Просто еще одно живое существо в ландшафте.
* * *
По мнению друзей-не-на-горе, я смертельно рисковала. Я жила за пределами предположительно существующей страховочной сети – той, что плетется за счет физической близости к обществу и состоит из людей, больниц, правопорядка; подразумевалось, что эти вещи решительно необходимы мне как женщине.
– Не представляю, где ты этого понабралась, – вздыхала моя бабушка-горожанка, когда я рассказывала ей историю о медведице или о том, как отправлялась исследовать территорию с Элвисом. Словно у меня внезапно возникла склонность глодать скелеты животных или ходить в шкурах. И так говорила женщина, чей муж пас овец в Юте, когда ему было четырнадцать! Это у меня в крови.
Я каждый день совершала вылазки в природу. В горах царит политика открытых дверей, и, как многие местные, я оставляла дверь незапертой, не важно, была я дома или нет. Джоуи держал ключ от «Мерка» над входной дверью – привычка, которая периодически приводила к тому, что народ сам брал себе кофе или сигареты. Карен Зи хранила ключи от своего пикапа в замке зажигания этого вечно незапертого автомобиля. Мне нравилось жить в местах, где нет необходимости запираться, где я не чувствовала, что снаружи есть кто-то опасный, пытающийся попасть внутрь.

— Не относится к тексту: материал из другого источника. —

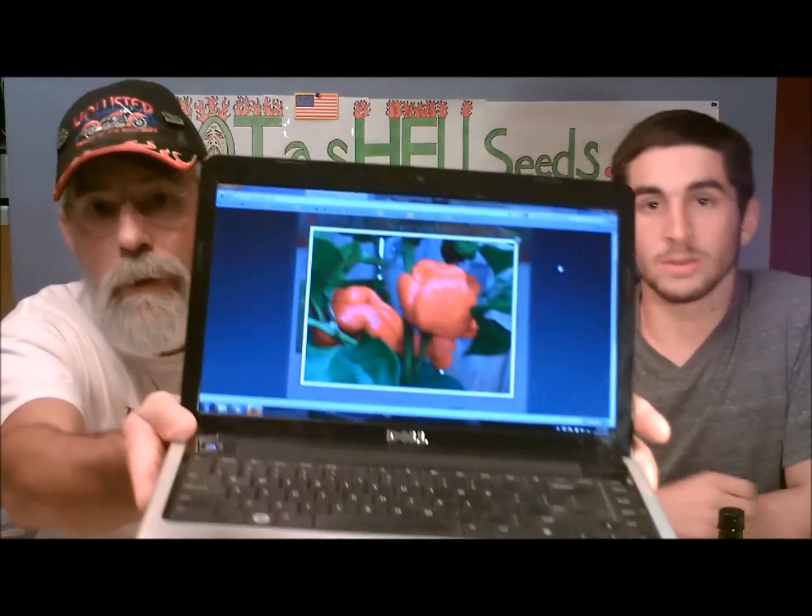Jim was gracious enough to send us several strains. We're not going to do all three — he sent us three strains this time: the King Naga, the Black Naga. Ryan and Scott Roberts did that first, so that one looks scary. But we've never tried the Sunrise Scorpion, which is the one we're going to do today — the one on the laptop.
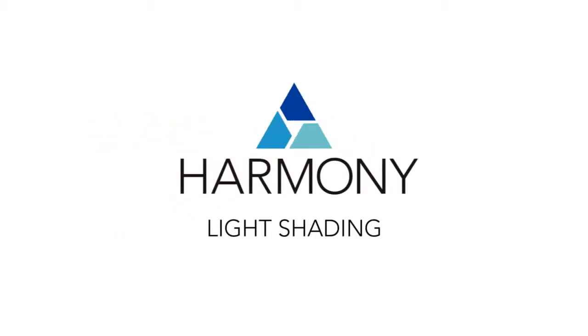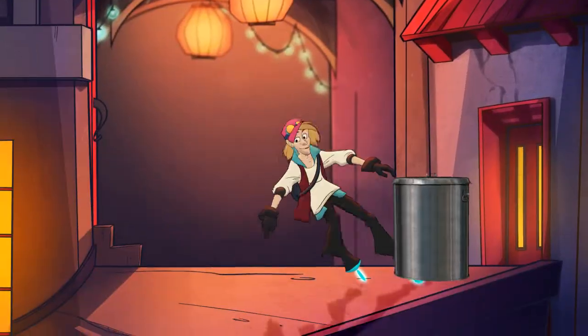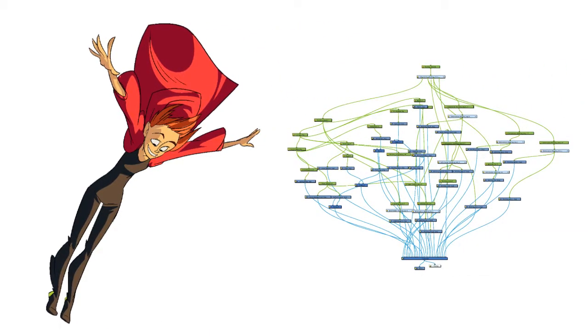The light shading feature adds another dimension to your Harmony productions. You can add volume and lighting effects to characters, providing automatic tones and highlights to cut out puppets. This is a lot faster than drawing highlights frame by frame or building complex rigs.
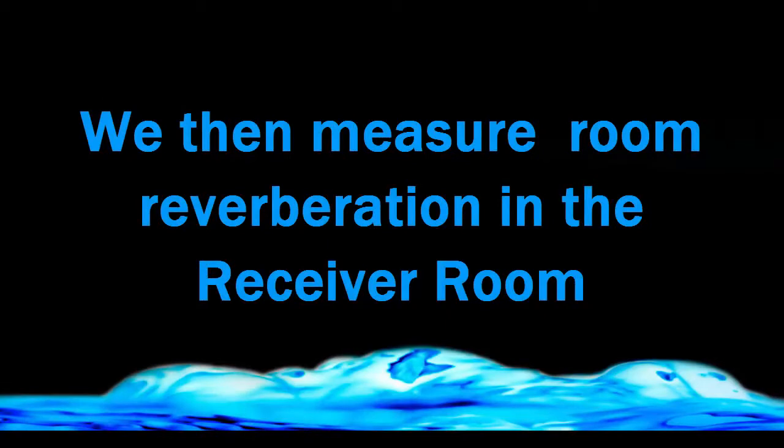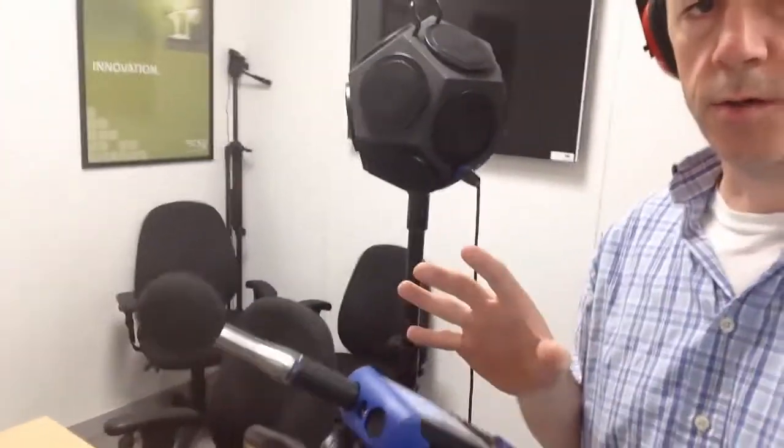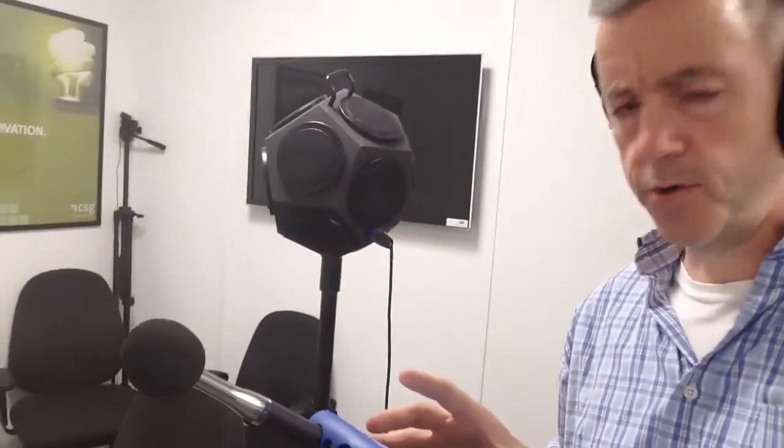Right now I'm in the receiving room and I've moved the dodecahedron source into this room. I'm going to carry out a reverberation test. I have the sound level meter set up on a tripod here, and I'm just going to start that test now.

По наивности я взяла этот подход с собой, когда впервые поехала из Джеймстауна в Милуоки, большой город, где двери по необходимости снабжены замками и цепочками. На вторую неделю пребывания кто-то свистнул куртку из мембранной ткани через приоткрытое окно моего запертого пикапа. А в свой самый постыдный момент в стиле Ребекки с фермы Саннибрук я была свидетельницей ограбления и даже не поняла, что происходит. Какой-то мужчина вышел из дома моего соседа, неся голубую пластиковую корзину для хранения, и скрылся в переулке.
Он делает что-то такое, чего не должен делать, рассеянно подумала я, помешивая суп на плите. Прошло двадцать минут, прежде чем мне пришло в голову позвонить в полицию, а потом пришлось с пунцовым от стыда лицом объяснять приехавшим офицерам, почему мне потребовалось так много времени, чтобы заявить о преступлении.
Я была счастливицей на природе, деревенщиной в городе.
Даже если бы я жила в какой-то отдаленной заповедной глуши – а это было не так, сколько ни напрягай воображение, – я оставалась бы в целости и сохранности. И выяснила, что моя целость – это одиночество и пространство. «Все в природе, – говорила писательница Гретель Эрлих, – постоянно побуждает нас быть тем, что мы есть». Не «кто», а «что»! На самом фундаментальном уровне я тоже была ландшафтом. Несмотря на то что мое намерение перебраться жить в горы, возможно, уходило корнями в эскапизм, природный мир выманил меня обратно в саму себя. В этом было определенное сходство с преобразованием, которое, как говорят индуистские мистики, со временем происходит с «я» в результате практики медитации. Учишься позволять всему постепенно отпадать. Эрлих выражает это так: «Мы часто подобны рекам: беспечные и неистовые, нерешительные и опасные, светлые и глинистые, водоворотистые, поблескивающие, спокойные». Мы – всё это и совершенно ничего из этого.